Apart from direct interventions as mentioned above, other generalized measures also should help in greater enrollment at schools. For example in many poor rural households, children, particularly girls, provide time and labor for the collection firewood, water and for tending livestock. Construction of village water supplies, village social forestry plantations, provision of commercial fuel and such other measures have proved to be effective in increasing primary and secondary school enrollments in some countries. In some states of India, minimum employment guarantees (100 days of work for one member of the family) have also been provided to ensure that income poverty will not be a barrier to schooling.
Bangladesh with a low GDP index of 0.48 stands as an example of how strong political will and leadership and well targeted interventions can translate its resources into high outcomes.
Resource Requirements for the Future
More resources will be needed particularly for the countries that have been identified as poor achievers of EFA and MDG. Reforming curriculum, redrafting textbooks, additional teacher recruitment, teacher training, expanding physical infrastructure, retooling pedagogy, all costs resources.
Resource constraints in many of the developing countries have impeded the programs for poverty alleviation and human development. Asian countries overall spend between 3.0-3.5 percent of their GDP on education. However, some countries such as Bangladesh, Pakistan, Sri Lanka, Indonesia, Mynmar, Kirgizistan,Tajikistan spend much less than this.
Unfortunately, the commitments by the developed and OECD nations for increased aid resources have not been fulfilled. Aid flows to education have indeed diminished substantially over the recent decade. In the year 2003, OECD countries spent over US$ 675 billion in military expenditures but less than US$ 70 billion on overseas development aid, far less than what was pledged at international meetings.

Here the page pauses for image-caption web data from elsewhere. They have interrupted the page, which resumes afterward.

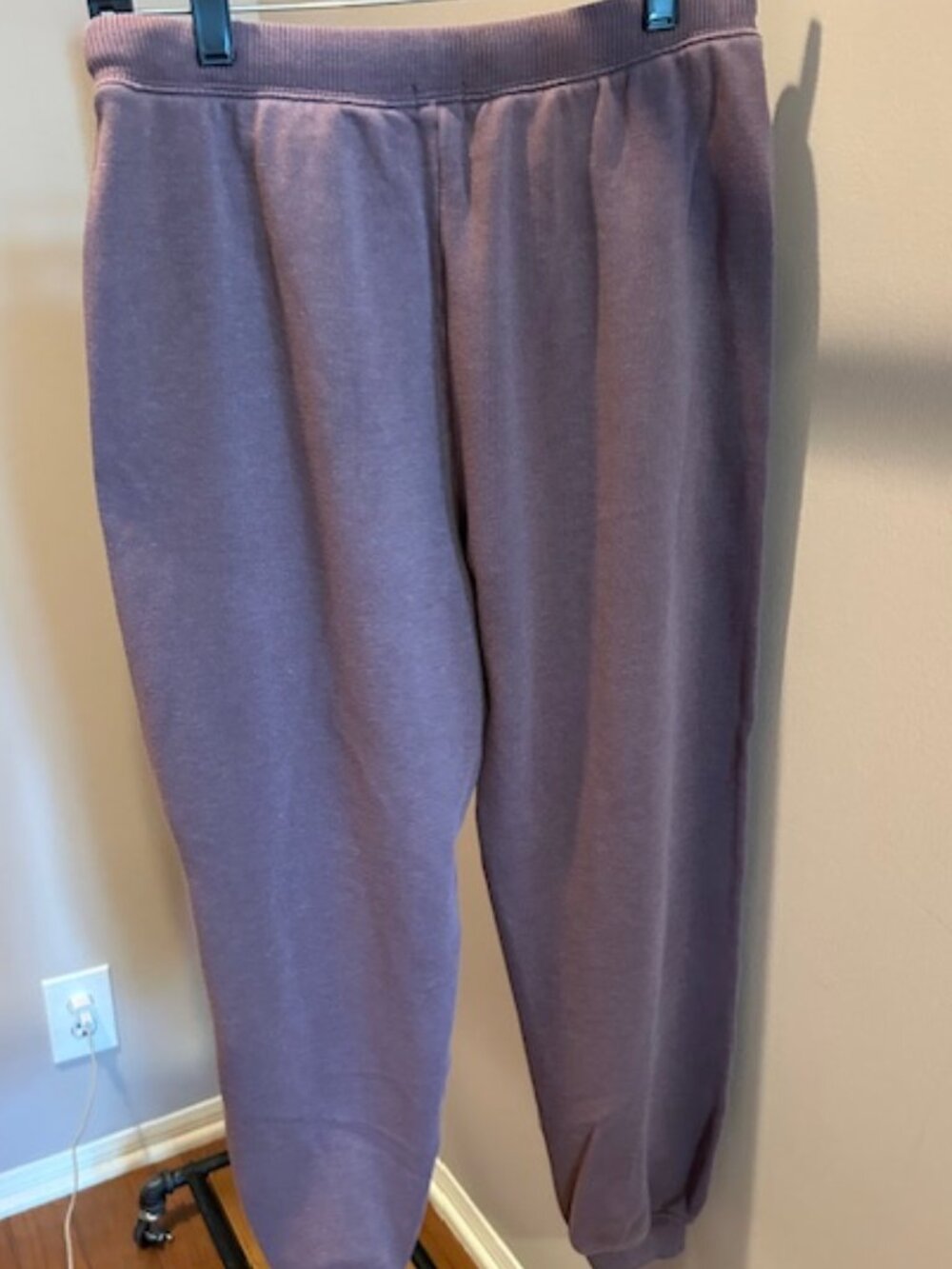 AERIE french terry jogger, plum/purple, size Medium - Picture 2 of 3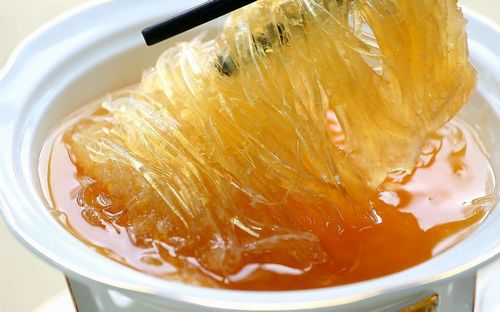 如何辨別魚翅哪些體質(zhì)的人不適合吃魚翅-易網(wǎng)健康<a href=http://www.jsjjzhkt.cn/jkys/ target=_blank class=infotextkey>養(yǎng)生</a>網(wǎng) 如何辨別魚翅哪些體質(zhì)的人不適合吃魚翅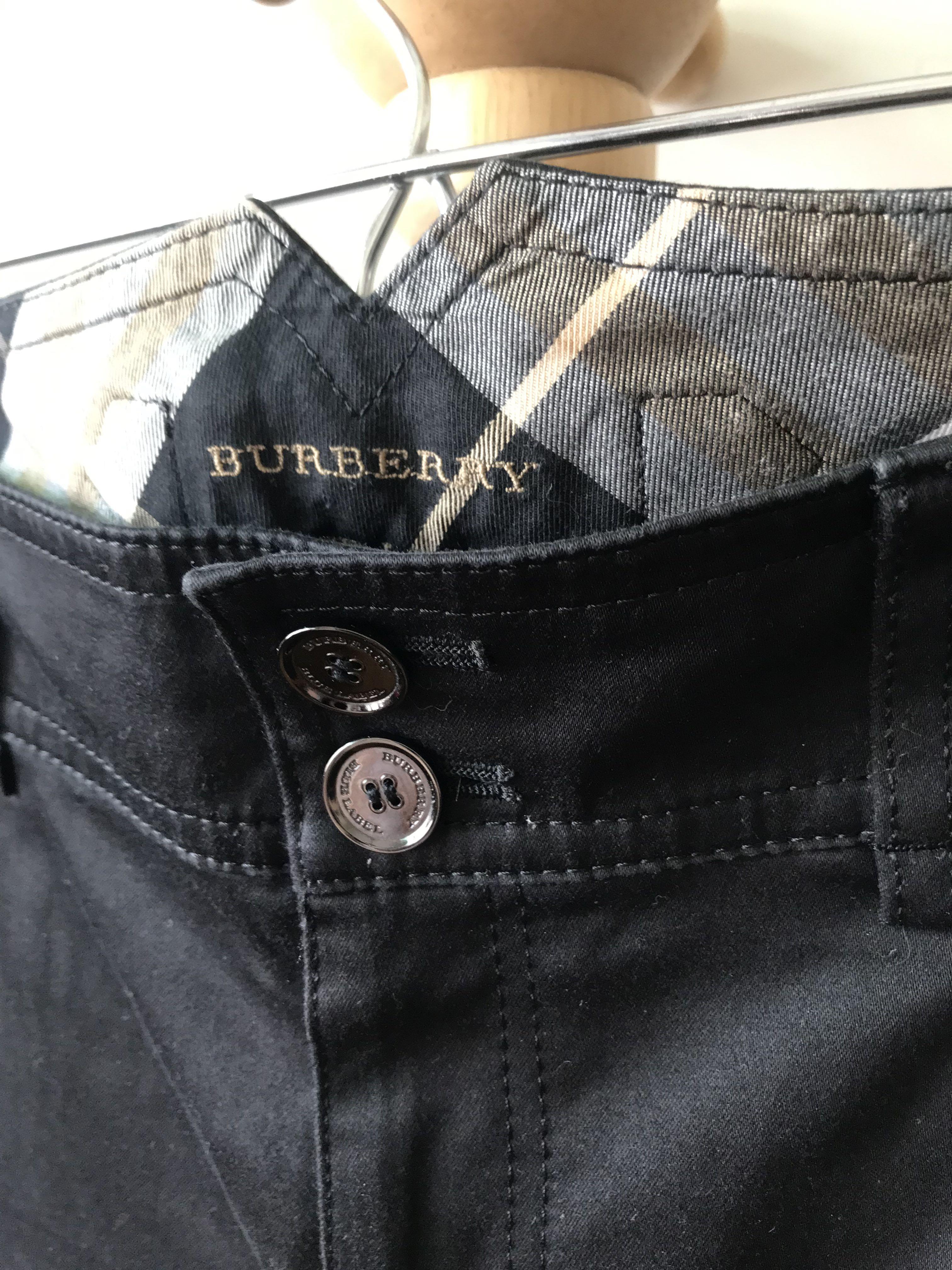 Burberry Blue Label black buckle back capri pants, Women's Fashion,  Bottoms, Jeans & Leggings on Carousell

Asian countries should therefore make efforts to mobilize among themselves the required resources for human resource development in the region. Individual countries should program at least 5-6% of their respective GDP or 25-30% of their total budget for their education sectors. Concomitantly, they should also ensure that available resources would be used judiciously to achieve maximum outcome.
Asian countries should also pool their financial resources to-gather to support education development programs such as exchanges of students, teachers, scholarships, collaborative research and training, direct investments in the relatively poorer countries and any other mutually benefit activities.
The Asian Education Forum and its collaborators have already started a process of such regional collaboration and I join you all in hoping that these efforts will go from strength to strength. Thank you all.